Yass: To wrap, what’s the latest? Should we feel reassured at all by the recent talks between Russia and Ukraine about scaling back their military operations?

Harris: I think we can be cautiously optimistic. There are some signs that the Ukrainians and the Russians are — they are negotiating. That’s important. They’re talking, that’s a great step.

And there are signs that they are both willing to put some things on the table and start negotiating. It’s important to always remember that Russia often says one thing and does another. They have not fully stopped their attacks on cities, notably Kyiv, and another nearby major city, which they had said they were going to dramatically scale down their military assaults. Yes, dramatically is in the eye of the beholder. 

I think that there’s some chance for this, Ukraine seems to be willing to say “we might be willing to declare neutrality. Essentially saying “we would not take a part in a conflict,” which I think implicitly means you cannot join NATO. Because if you’re in NATO, you have to commit to going to war, if another member is attacked; it’s not a neutral agreement. So no joining NATO, neutrality and in exchange, they want some security guarantees from countries in the West and the United States as well, that they would come to their assistance if Russia invaded. And then we’ll see what Russia is going to concede here. 

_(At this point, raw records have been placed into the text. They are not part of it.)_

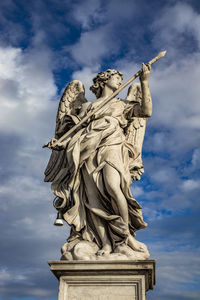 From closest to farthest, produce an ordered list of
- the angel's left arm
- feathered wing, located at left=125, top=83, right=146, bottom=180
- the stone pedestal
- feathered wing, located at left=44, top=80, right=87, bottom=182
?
the stone pedestal, the angel's left arm, feathered wing, located at left=125, top=83, right=146, bottom=180, feathered wing, located at left=44, top=80, right=87, bottom=182

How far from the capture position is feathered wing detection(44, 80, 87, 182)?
9.06 m

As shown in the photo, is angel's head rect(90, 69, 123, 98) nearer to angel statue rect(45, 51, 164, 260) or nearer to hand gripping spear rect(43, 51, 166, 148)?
angel statue rect(45, 51, 164, 260)

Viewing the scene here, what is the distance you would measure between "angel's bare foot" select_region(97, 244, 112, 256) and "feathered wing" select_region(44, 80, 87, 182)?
86.2 inches

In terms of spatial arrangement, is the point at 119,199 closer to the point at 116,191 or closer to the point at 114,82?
the point at 116,191

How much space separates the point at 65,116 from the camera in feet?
31.0

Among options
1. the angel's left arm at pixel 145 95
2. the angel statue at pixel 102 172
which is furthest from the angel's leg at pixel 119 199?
the angel's left arm at pixel 145 95

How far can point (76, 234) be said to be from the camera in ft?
26.3

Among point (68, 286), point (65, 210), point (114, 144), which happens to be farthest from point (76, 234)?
point (114, 144)

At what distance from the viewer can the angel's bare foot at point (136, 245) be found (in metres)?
7.64

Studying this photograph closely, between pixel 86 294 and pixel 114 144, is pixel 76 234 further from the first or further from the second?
pixel 114 144

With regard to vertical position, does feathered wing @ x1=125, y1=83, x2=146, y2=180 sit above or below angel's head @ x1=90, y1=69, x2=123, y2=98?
below

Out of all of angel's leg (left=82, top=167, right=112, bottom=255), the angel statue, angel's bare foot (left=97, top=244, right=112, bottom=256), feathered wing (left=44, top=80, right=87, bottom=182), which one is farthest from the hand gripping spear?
angel's bare foot (left=97, top=244, right=112, bottom=256)

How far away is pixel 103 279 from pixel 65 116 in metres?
4.11

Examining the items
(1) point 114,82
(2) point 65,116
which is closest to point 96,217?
(2) point 65,116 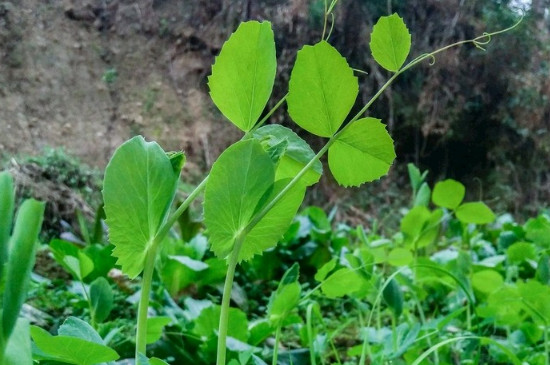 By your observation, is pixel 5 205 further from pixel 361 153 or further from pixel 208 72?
pixel 208 72

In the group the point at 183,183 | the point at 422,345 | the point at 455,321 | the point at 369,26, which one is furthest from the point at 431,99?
the point at 422,345

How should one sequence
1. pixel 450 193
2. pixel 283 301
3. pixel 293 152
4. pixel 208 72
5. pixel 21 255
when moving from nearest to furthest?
pixel 21 255, pixel 293 152, pixel 283 301, pixel 450 193, pixel 208 72

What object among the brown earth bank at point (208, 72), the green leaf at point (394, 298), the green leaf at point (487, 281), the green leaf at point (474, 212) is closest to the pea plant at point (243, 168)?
the green leaf at point (394, 298)

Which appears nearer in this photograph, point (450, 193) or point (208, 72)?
point (450, 193)

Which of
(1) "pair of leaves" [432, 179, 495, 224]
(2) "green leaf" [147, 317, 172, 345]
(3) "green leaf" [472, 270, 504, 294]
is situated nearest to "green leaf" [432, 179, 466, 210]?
(1) "pair of leaves" [432, 179, 495, 224]

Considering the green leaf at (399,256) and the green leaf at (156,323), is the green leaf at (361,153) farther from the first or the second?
the green leaf at (399,256)

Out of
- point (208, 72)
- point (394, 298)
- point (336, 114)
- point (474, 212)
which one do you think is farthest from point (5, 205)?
point (208, 72)

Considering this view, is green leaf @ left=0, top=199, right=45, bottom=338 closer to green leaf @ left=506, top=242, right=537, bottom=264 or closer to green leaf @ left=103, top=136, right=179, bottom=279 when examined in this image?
green leaf @ left=103, top=136, right=179, bottom=279

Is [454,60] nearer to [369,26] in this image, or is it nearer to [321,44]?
[369,26] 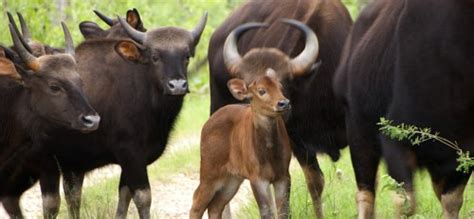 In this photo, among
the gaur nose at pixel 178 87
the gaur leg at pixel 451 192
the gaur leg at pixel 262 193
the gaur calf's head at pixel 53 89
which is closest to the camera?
the gaur leg at pixel 451 192

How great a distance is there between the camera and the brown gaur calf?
9039 mm

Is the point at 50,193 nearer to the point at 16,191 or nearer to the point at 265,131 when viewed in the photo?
the point at 16,191

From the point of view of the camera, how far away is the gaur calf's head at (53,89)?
9695 millimetres

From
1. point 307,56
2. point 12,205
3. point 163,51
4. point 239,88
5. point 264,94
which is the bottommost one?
point 12,205

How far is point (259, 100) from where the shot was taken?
29.5 feet

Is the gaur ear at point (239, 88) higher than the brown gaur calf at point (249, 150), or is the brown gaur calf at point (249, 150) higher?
the gaur ear at point (239, 88)

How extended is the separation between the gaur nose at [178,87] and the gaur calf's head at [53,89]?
835 millimetres

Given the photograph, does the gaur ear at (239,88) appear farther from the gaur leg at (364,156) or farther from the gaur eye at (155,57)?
the gaur eye at (155,57)

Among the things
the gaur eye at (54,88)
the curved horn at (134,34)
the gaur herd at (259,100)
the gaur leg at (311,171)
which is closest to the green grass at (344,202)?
the gaur leg at (311,171)

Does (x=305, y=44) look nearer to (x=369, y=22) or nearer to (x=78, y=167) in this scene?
(x=369, y=22)

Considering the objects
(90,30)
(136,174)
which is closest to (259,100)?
(136,174)

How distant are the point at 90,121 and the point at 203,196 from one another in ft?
3.83

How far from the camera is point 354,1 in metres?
21.1

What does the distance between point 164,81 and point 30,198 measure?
460 cm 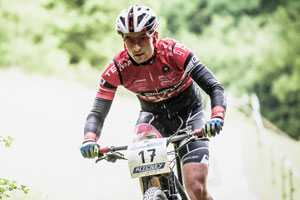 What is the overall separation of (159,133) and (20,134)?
334 centimetres

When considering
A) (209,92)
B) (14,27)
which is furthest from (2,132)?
(14,27)

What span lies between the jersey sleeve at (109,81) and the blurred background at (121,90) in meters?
0.97

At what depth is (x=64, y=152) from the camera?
284 inches

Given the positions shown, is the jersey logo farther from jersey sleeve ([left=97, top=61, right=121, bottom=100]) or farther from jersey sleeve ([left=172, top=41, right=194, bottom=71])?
jersey sleeve ([left=97, top=61, right=121, bottom=100])

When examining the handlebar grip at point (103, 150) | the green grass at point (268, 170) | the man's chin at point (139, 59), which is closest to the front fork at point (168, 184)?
the handlebar grip at point (103, 150)

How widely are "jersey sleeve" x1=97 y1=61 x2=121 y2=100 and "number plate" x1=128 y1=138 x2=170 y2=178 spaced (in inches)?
35.7

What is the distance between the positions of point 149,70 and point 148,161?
3.59 feet

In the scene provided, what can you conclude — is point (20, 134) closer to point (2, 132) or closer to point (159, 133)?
point (2, 132)

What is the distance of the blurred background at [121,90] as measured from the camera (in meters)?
7.19

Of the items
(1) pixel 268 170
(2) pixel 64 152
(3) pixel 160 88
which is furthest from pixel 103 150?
(1) pixel 268 170

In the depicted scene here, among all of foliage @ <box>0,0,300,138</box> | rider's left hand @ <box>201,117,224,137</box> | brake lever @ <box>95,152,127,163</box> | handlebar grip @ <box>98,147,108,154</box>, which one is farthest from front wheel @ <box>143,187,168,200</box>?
foliage @ <box>0,0,300,138</box>

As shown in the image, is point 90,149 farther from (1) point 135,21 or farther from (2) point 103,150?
(1) point 135,21

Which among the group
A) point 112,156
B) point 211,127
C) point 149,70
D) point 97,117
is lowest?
point 112,156

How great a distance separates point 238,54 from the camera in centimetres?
2806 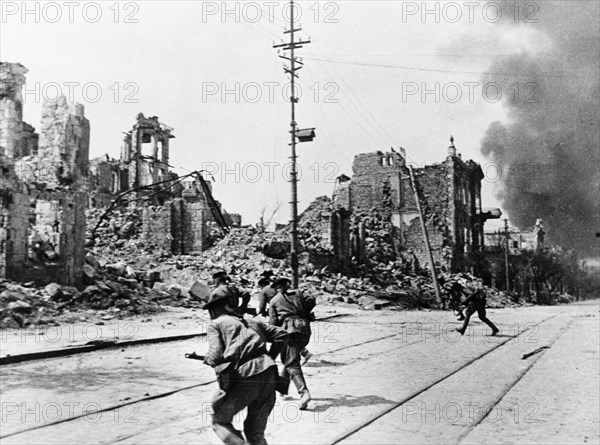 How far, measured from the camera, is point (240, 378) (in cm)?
429

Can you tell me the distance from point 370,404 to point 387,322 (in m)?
12.5

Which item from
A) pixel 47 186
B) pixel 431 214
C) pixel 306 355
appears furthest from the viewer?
pixel 431 214

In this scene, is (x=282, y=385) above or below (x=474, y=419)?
above

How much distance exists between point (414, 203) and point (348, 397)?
1722 inches

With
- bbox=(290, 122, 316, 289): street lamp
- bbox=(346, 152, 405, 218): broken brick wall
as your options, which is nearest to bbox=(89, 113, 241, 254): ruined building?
bbox=(346, 152, 405, 218): broken brick wall

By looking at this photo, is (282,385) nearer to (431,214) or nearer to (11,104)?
(11,104)

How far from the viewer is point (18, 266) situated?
56.3 feet

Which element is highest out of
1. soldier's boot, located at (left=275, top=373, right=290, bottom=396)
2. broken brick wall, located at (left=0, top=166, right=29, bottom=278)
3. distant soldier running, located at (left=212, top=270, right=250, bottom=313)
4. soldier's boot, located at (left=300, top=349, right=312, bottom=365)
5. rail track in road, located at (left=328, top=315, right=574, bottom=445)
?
broken brick wall, located at (left=0, top=166, right=29, bottom=278)

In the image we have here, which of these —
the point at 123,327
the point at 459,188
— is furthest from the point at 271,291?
the point at 459,188

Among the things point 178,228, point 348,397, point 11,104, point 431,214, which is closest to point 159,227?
point 178,228

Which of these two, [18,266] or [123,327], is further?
[18,266]

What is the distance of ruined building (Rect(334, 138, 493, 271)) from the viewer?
48.5 metres

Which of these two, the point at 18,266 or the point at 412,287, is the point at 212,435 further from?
the point at 412,287

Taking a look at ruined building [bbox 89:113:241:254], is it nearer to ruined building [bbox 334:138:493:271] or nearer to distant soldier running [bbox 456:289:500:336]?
ruined building [bbox 334:138:493:271] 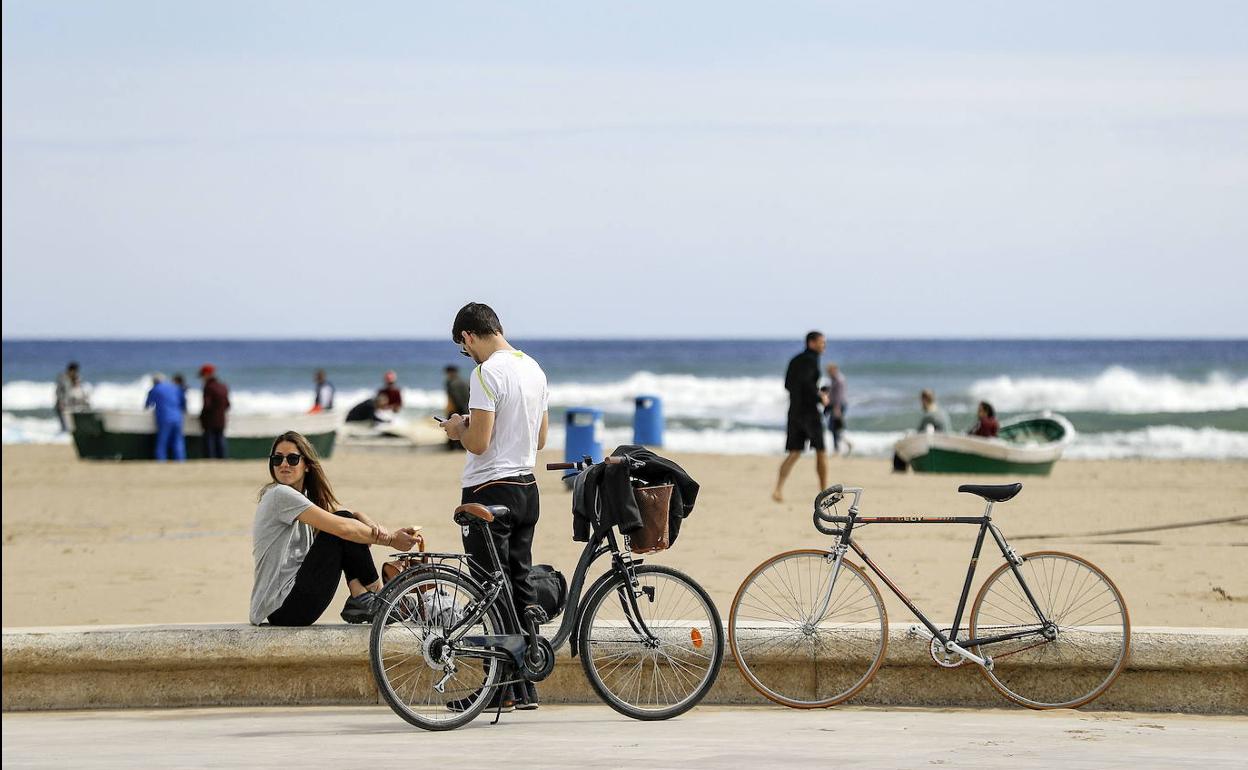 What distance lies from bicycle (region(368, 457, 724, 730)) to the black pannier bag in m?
0.11

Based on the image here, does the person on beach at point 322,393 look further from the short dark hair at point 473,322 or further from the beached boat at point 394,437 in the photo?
the short dark hair at point 473,322

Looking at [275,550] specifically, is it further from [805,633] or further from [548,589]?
[805,633]

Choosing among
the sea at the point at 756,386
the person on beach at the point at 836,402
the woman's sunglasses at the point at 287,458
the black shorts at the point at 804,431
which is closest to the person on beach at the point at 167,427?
the sea at the point at 756,386

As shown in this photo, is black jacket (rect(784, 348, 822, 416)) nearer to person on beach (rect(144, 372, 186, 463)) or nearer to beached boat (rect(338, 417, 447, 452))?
beached boat (rect(338, 417, 447, 452))

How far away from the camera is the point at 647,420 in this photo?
78.0 feet

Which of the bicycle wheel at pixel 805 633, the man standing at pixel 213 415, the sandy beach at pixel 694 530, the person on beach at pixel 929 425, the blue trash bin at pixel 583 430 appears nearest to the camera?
the bicycle wheel at pixel 805 633

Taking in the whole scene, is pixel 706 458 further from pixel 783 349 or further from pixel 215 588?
pixel 783 349

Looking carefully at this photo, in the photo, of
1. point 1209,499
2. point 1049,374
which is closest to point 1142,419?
point 1209,499

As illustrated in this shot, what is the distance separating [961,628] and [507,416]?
7.11 ft

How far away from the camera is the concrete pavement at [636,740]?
5172 mm

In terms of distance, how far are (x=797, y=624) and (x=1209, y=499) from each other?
13152 mm

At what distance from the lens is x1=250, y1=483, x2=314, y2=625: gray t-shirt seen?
6352mm

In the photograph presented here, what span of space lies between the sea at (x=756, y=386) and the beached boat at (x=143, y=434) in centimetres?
949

Will they stop killing people? Will they stop the invasion? Will they pull their forces back? Will they focus on the east? Will they leave entirely? This all remains to be seen, but I think that there are some glimmers of hope. So that’s some reason to be optimistic.

Yass: Great. Well, thank you so much, Shane. That was awesome. I guess for fun, if you have time, do you want to share what your favorite class at Wake was?

Harris: My favorite class? Wow.

Yass: Or memory.

Harris: My favorite memories are from being in the Lilting Banshees. I was in the early, early OG, Banshees, and I’m very proud and happy to see the troupe going strong today. I was a politics major, even though I spent a lot of my time with the troupe and a lot of my time in the theater, Wake Forest theater. I took a seminar class my senior year, it was a requirement for everybody in the major, and it was Kathy Smith’s class on political communication. 

I was just fascinated by it on its own. We looked a lot at not just how politicians use rhetoric on the campaign trail, but the role of the media at the time. Cable news was really dominant, this the late 90s. This is before the internet really takes over how we get information. It was just so fascinating to think about how the media played a role in how we interact with our government, how we think about government and the world. And I swear, the things that I learned in that class became bedrock, just principles that ended up forming my career as a journalist. 

I did not know I wanted to be a journalist. I had no intention of going into journalism. I didn’t write for the Old Gold & Black. I was just fascinated by it though. And then a couple of years later, when I became a journalist, I look back at that class and go “wow, that class really prepared me really well” and it gave me some ground level kind of basics for how to think about what journalists do and the role that we play in our democracy. It’s stuck with me ever since.

Yass: Awesome. Well, it definitely serves you well.

Harris: Well, thank you and thanks for the chance to come talk to you guys. Keep up the great work.